ЧАСТЬ ЧЕТВЕРТАЯ. Сделав последнее сальто, я плавно выплываю в центр сцены и зависаю над ней на высоте футов в семь. Музыка смолкает. На мне перекрещиваются три луча: красный, белый и синий. Начинает играть новая мелодия: валторны и виолончели славят бесконечную радость мира. Вступает оркестр, и звучит песня, самая любимая, самая знакомая каждому американцу: «Прекрасная Америка». На четвертом такте я делаю шаг вперед, прохожу над оркестровой ямой и оказываюсь над залом.
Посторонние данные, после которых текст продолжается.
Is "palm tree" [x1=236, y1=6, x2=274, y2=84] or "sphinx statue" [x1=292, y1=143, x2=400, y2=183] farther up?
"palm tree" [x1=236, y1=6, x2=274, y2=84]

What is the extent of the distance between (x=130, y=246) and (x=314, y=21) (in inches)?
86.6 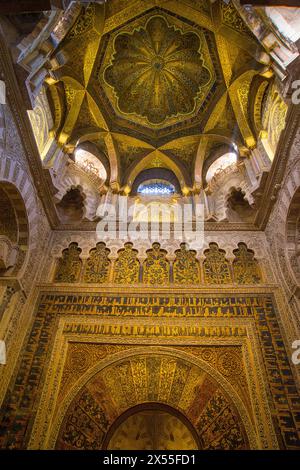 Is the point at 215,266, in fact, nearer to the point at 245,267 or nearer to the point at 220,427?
the point at 245,267

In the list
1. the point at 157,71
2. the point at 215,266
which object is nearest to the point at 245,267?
the point at 215,266

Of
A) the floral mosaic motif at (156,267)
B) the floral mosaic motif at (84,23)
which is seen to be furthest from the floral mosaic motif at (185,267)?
the floral mosaic motif at (84,23)

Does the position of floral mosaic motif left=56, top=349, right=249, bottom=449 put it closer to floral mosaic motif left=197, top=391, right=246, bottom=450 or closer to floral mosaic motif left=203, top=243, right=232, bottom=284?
floral mosaic motif left=197, top=391, right=246, bottom=450

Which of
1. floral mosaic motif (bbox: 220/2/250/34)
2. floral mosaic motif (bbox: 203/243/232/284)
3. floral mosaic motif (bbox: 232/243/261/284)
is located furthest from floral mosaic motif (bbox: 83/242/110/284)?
floral mosaic motif (bbox: 220/2/250/34)

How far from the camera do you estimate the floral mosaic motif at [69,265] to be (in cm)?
683

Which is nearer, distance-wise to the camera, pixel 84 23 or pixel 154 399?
pixel 154 399

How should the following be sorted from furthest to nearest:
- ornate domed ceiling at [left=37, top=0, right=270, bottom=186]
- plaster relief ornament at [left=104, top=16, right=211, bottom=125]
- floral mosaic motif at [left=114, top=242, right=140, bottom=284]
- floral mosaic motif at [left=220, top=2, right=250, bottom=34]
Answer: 1. plaster relief ornament at [left=104, top=16, right=211, bottom=125]
2. ornate domed ceiling at [left=37, top=0, right=270, bottom=186]
3. floral mosaic motif at [left=114, top=242, right=140, bottom=284]
4. floral mosaic motif at [left=220, top=2, right=250, bottom=34]

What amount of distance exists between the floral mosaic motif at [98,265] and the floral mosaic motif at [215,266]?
2328 mm

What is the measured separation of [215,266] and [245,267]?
69 cm

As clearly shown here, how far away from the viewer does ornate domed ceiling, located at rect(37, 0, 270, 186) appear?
7008 millimetres

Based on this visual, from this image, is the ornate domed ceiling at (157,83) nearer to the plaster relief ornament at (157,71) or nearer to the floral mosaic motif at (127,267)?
the plaster relief ornament at (157,71)

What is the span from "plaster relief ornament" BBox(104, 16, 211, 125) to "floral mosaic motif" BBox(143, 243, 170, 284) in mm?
4190

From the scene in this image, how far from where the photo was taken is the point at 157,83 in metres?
8.61

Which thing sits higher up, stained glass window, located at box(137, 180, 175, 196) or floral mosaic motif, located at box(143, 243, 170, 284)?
stained glass window, located at box(137, 180, 175, 196) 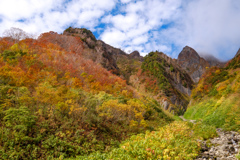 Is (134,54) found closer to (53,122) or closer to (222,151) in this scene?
(222,151)

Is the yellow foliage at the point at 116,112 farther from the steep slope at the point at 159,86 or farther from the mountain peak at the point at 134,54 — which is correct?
the mountain peak at the point at 134,54

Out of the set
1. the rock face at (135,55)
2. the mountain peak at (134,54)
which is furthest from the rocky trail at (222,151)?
the mountain peak at (134,54)

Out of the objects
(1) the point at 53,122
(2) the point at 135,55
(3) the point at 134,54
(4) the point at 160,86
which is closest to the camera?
(1) the point at 53,122

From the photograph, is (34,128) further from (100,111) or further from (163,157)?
(163,157)

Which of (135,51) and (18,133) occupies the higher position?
(135,51)

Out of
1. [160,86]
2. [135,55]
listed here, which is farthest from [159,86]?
[135,55]

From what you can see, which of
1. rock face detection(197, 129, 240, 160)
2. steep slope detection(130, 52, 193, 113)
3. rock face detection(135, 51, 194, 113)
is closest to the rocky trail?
rock face detection(197, 129, 240, 160)

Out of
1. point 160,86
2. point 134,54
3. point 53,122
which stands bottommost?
point 53,122

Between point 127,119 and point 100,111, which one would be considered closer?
point 100,111

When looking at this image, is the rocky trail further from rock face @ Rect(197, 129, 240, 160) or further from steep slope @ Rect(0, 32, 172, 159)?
steep slope @ Rect(0, 32, 172, 159)

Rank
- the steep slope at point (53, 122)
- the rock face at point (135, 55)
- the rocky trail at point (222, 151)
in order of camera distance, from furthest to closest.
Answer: the rock face at point (135, 55), the rocky trail at point (222, 151), the steep slope at point (53, 122)

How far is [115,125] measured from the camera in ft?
31.2

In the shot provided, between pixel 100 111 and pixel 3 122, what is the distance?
4914 mm

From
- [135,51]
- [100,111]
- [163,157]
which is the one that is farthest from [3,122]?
[135,51] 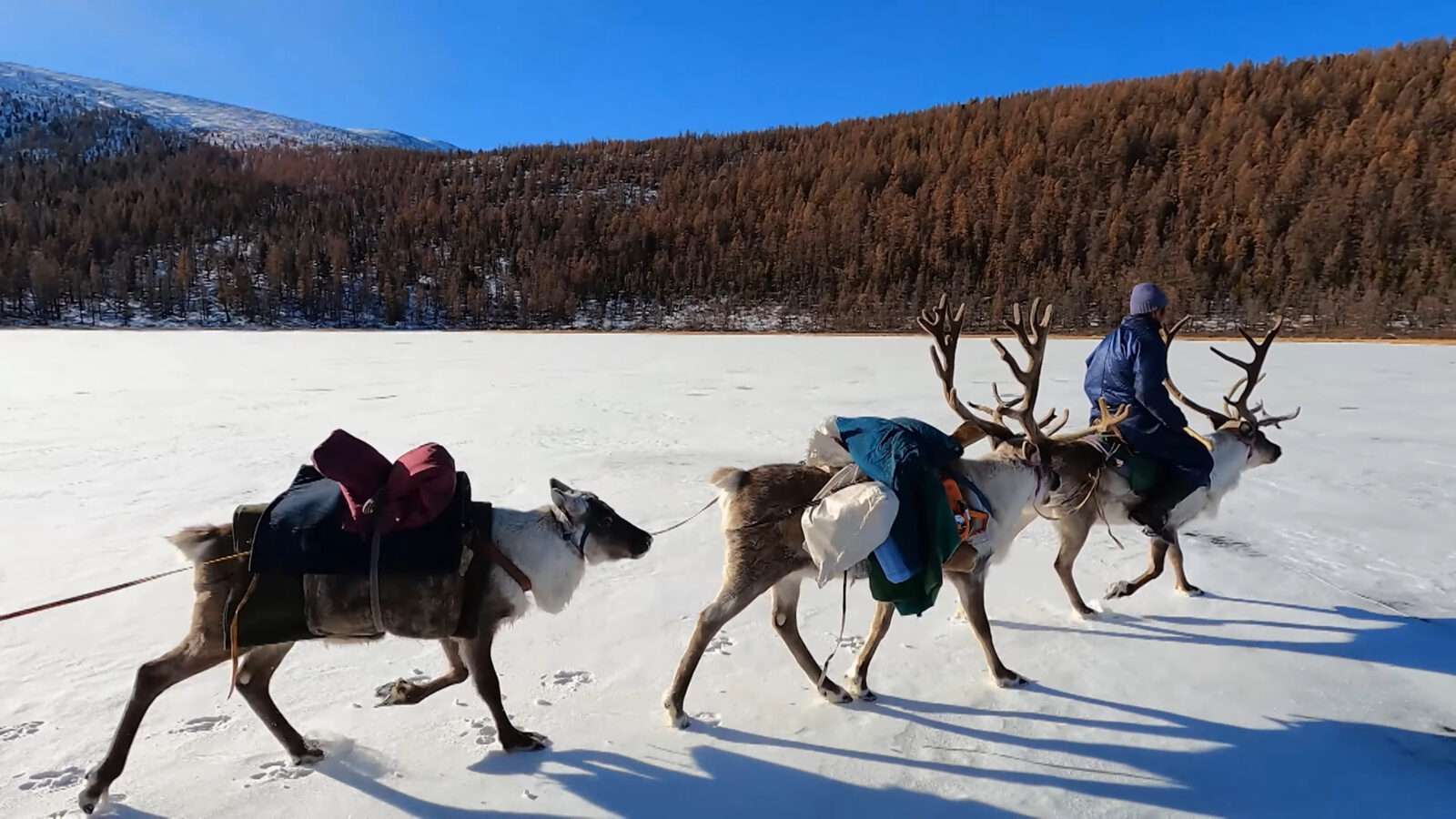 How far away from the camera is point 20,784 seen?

Под эту музыку я иду через весь зал на глазах изумленных зрителей, которые смотрят на меня снизу вверх и начинают вставать с мест. Медленно, спокойно я дохожу до задней стены, разворачиваюсь и тем же шагом иду обратно. Тем самым я вовлекаю зрителей в действо, и к тому времени, когда я возвращаюсь на сцену, мы с ними становимся как бы одно целое. Они растроганы моим великодушным жестом, тем, что я поделился с ними тайнами волшебства. Над сценой я поворачиваюсь к ним лицом, недолго стою и под последние звуки музыки медленно опускаюсь вниз. Широко развожу руки в стороны и улыбаюсь. Потом кланяюсь — всего один раз, — и занавес опускается.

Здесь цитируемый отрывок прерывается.